#### Information shown ####
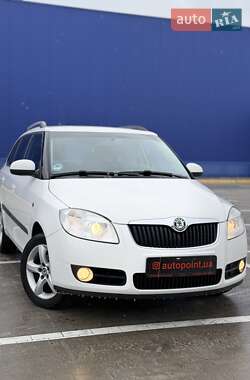 Универсал Skoda Fabia 2008 в Сумах
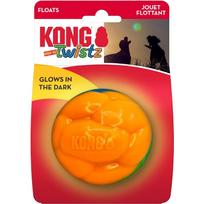 KONG Twistz High-Viz Ball ryškiaspalvis  kamuolys šunims, 1 vnt.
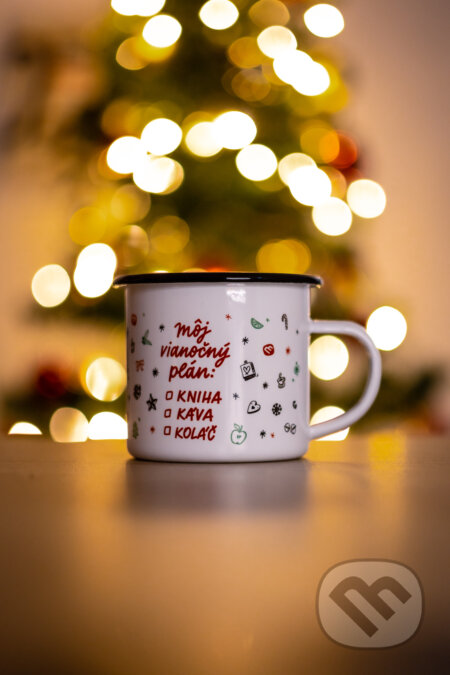 Smaltovaný hrnček Vianočný plán (Ľúbené). Ľúbené, 2024 Smaltovaný hrnček Vianočný plán (Ľúbené). Ľúbené, 2024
####
> Required action: All that is needed is the data above, repeated exactly, without the pictures.

> Task answer:
 Универсал Skoda Fabia 2008 в Сумах
 KONG Twistz High-Viz Ball ryškiaspalvis  kamuolys šunims, 1 vnt.
 Smaltovaný hrnček Vianočný plán (Ľúbené). Ľúbené, 2024 Smaltovaný hrnček Vianočný plán (Ľúbené). Ľúbené, 2024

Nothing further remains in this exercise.